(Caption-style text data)
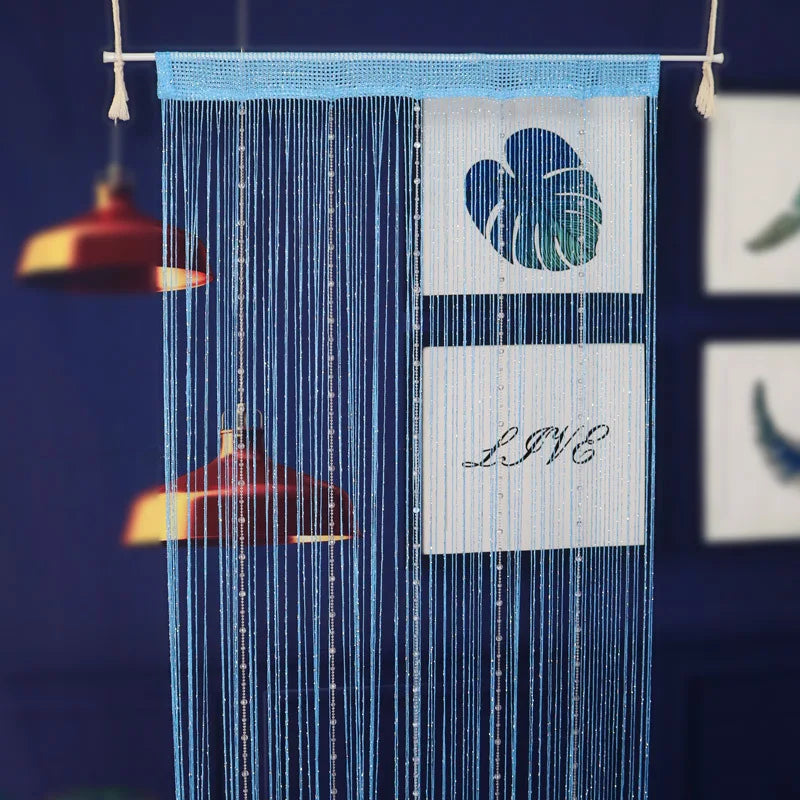 A blue beaded string curtain hangs vertically, featuring a white rectangular sign with the word LIVE and a blue leaf design.
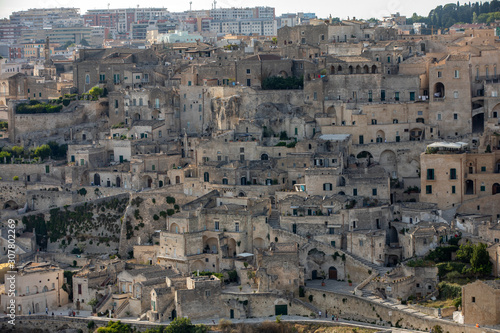 Panoramic view of Sassi di Matera a historic district in the city of Matera, well-known for their ancient cave dwellings from the Belvedere di Murgia Timone, Basilicata, Italy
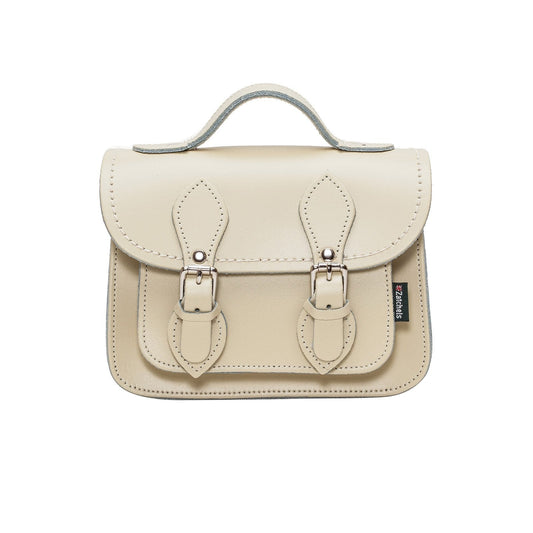 Zatchels Handmade Leather Micro Satchel in Pastel Cream, showcasing premium leather craftsmanship and chic nickel silver buckles, perfect for adding elegance to any outfit.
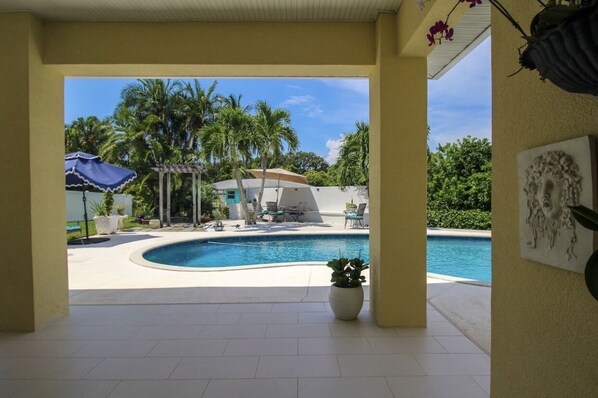 Relax by the pool surrounded by lounge chairs, umbrellas, and a shaded gazebo.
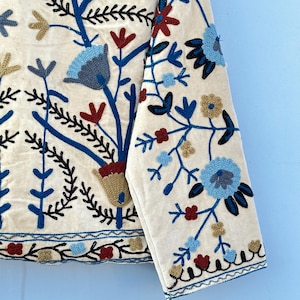 Pu&ograve; includere: Una giacca di cotone bianca con ricami floreali blu, rossi e dorati. La giacca ha maniche lunghe e chiusura con bottoni.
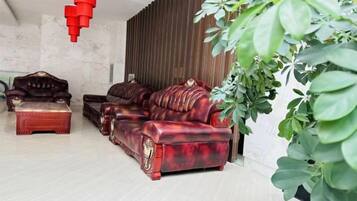 A living room with a sofa set, a coffee table, and a side table.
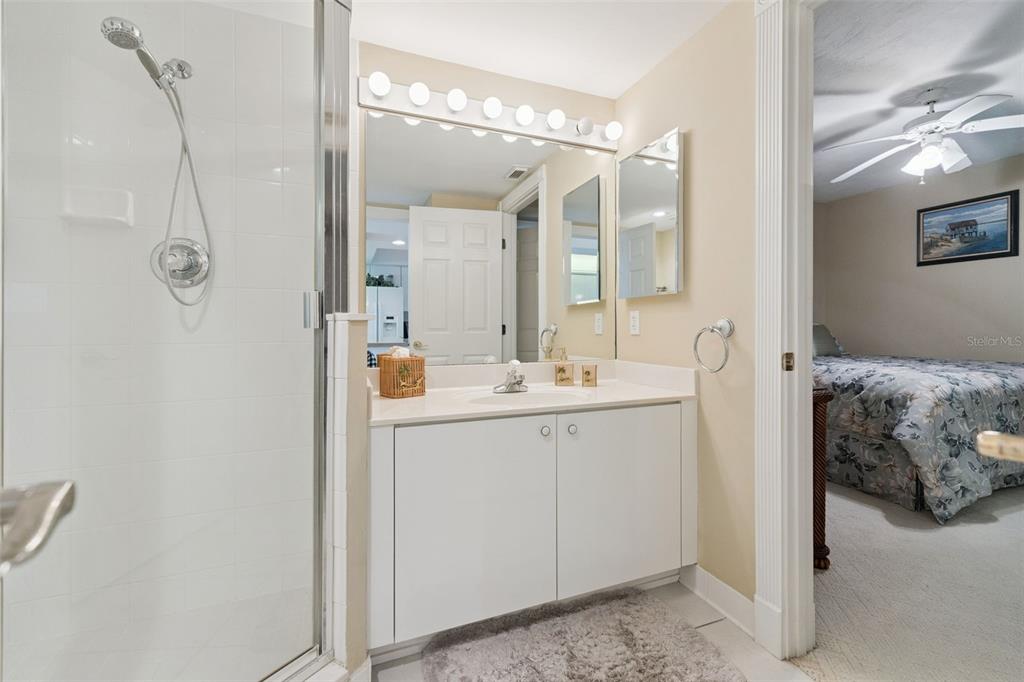 4621 South Atlantic Avenue, Unit 7506 Ponce Inlet, FL 32127 - Photo 32 of 46 a bathroom with a double vanity sink mirror and shower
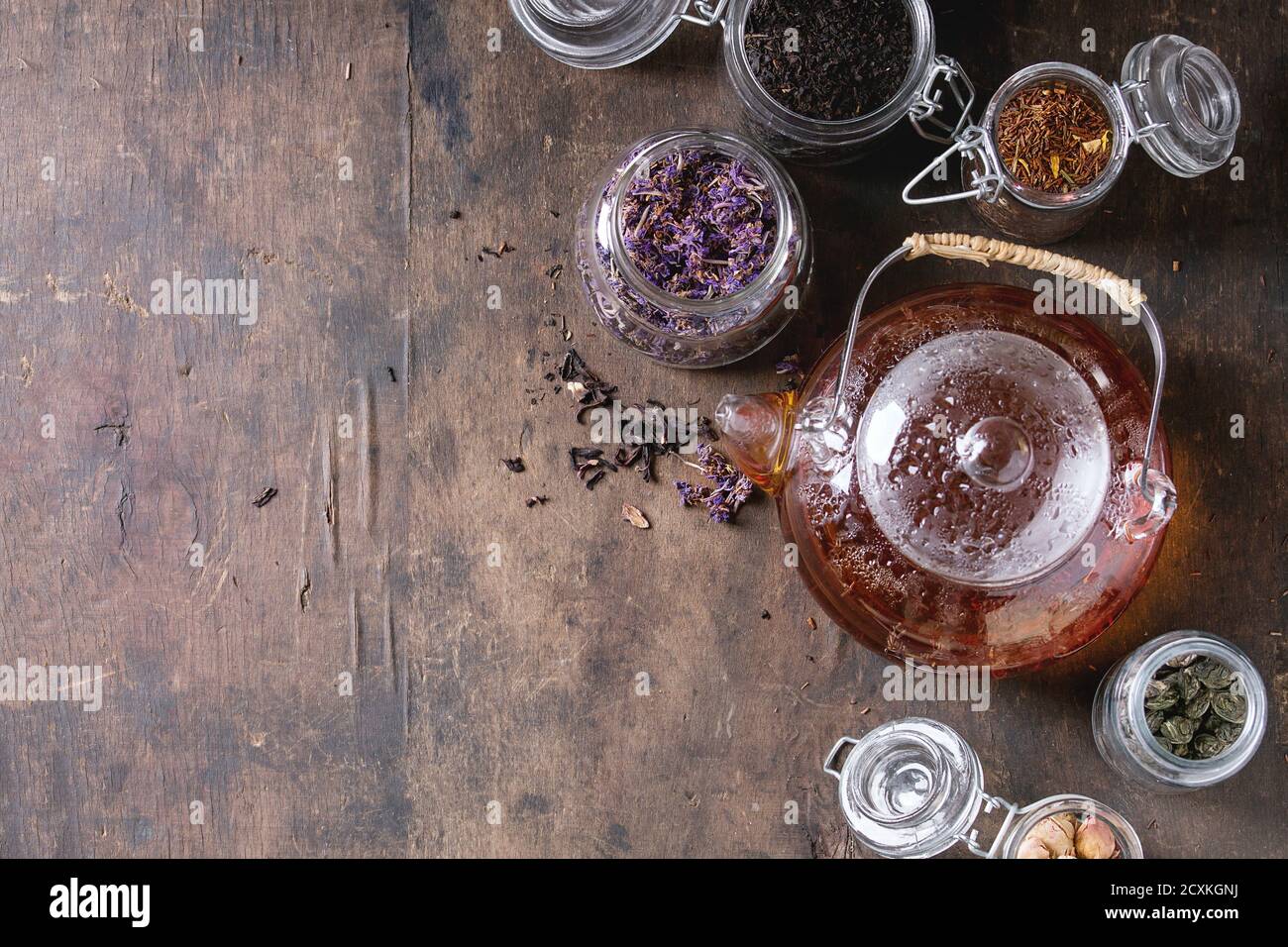 https://c8.alamy.com/comp/2CXKGNJ/variety-of-black-green-and-herbal-dry-tea-leaves-in-glass-jars-with-vintage-strainer-and-teapot-of-hot-tea-over-old-dark-wooden-background-top-view-2CXKGNJ.jpg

Exercise goal
Starting with the first line of the data, transcribe every line exactly through the one containing "Panoramic view of". No pictures go in.

Solution to the exercise
 A blue beaded string curtain hangs vertically, featuring a white rectangular sign with the word LIVE and a blue leaf design.
 Panoramic view of Sassi di Matera a historic district in the city of Matera, well-known for their ancient cave dwellings from the Belvedere di Murgia Timone, Basilicata, Italy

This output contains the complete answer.